Profs, spouses learn Chinese at no cost
Published: Tuesday, September 13, 2011
Updated: Monday, September 19, 2011 12:09
Faculty members and their spouses may now enroll in free Chinese language and culture courses thanks to the university's branch of the Confucius Institute.
Classes range from introductory Chinese language to Taiji, a traditional martial art form. Institute officials seek to facilitate communication between faculty members and Chinese students, according to Ming Wu, a visiting scholar from China's Xiamen University, who works at the institute.
Prior to the program, many university employees, especially nurses from the student health center, expressed interest in learning Chinese, she said.
"[Students] come here from China and they get sick," Wu said. "But nurses are unable to communicate, and students don't know how to express themselves."
Classes begin this month, with both calligraphy and Chinese level 2 sections still open, whereas level 1 is full, and Taiji, the only course that requires a registration fee, has a waiting list, she said.
Tajii, sometimes referred to as Tai Chi, is a martial art form that uses soft and hard martial arts techniques and focuses on longevity and self-improvement.
"Taiji is very popular," Wu said. "I think because people want to be more healthy."
With headquarters in Beijing, the institute's main goal is to spread the Chinese language and culture to all parts of the world. Part of its funding comes from the institute's headquarters, while the
Chinese government supplies a monthly allowance to volunteer teachers, she said.
The Delaware division, which partners with Xiamen University in Beijing, is one of the more than 300 institutes worldwide. Xiamen provides one co-director and one or two professional teachers from Xiamen to organize teaching here, Wu said.
"Bringing teachers from China is hard, so we try to find resources here," she said.
Calligraphy instructor Brian Li, 24, a graduate accounting student, said he heard the institute needed cultural teachers last semester.
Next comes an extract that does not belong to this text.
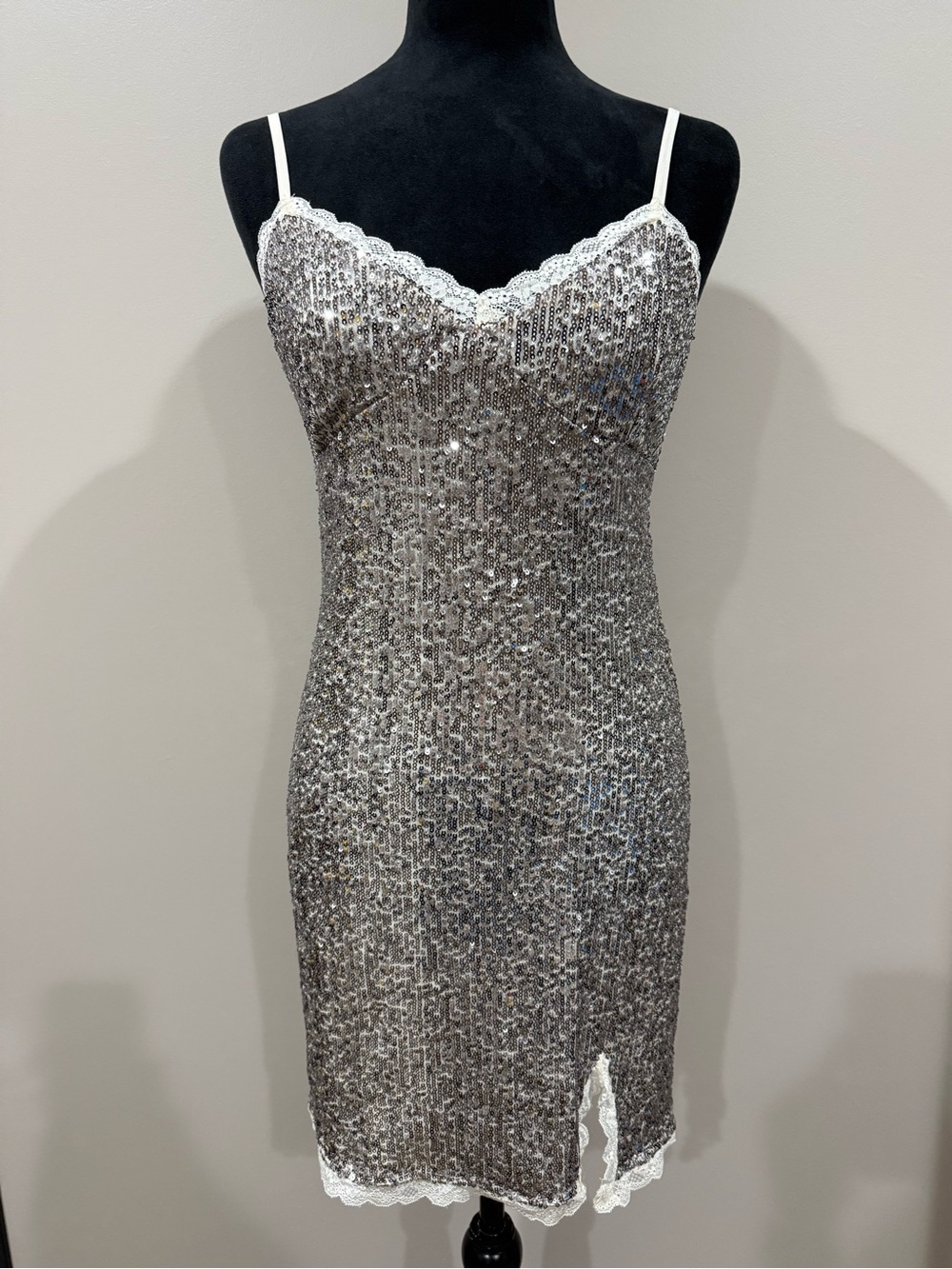 Wild Fable Silver Sequin Lace Trim Cami Mini Dress NWT Size S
Li, who has studied calligraphy for five years and taught a class about it for the first time, said the experience was rewarding.
"I have never considered there are so many Americans that are interested in Chinese culture," he said. "It's a big surprise."
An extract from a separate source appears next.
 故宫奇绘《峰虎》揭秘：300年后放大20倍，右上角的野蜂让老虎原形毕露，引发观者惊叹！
Communications professor Beth Haslett said she attended Li's first calligraphy class hoping to learn about the art and Chinese culture.
"It is both a personal and professional interest," Haslett said. "I expect to share what I learn with students in my cross cultural communication courses."
Wu said she hopes faculty members and their spouses will have fun and apply their new knowledge of Chinese language and culture to interactions with Chinese students in the classroom.
"It is a responsibility for us to teach culture to all that are interested in it," Li said.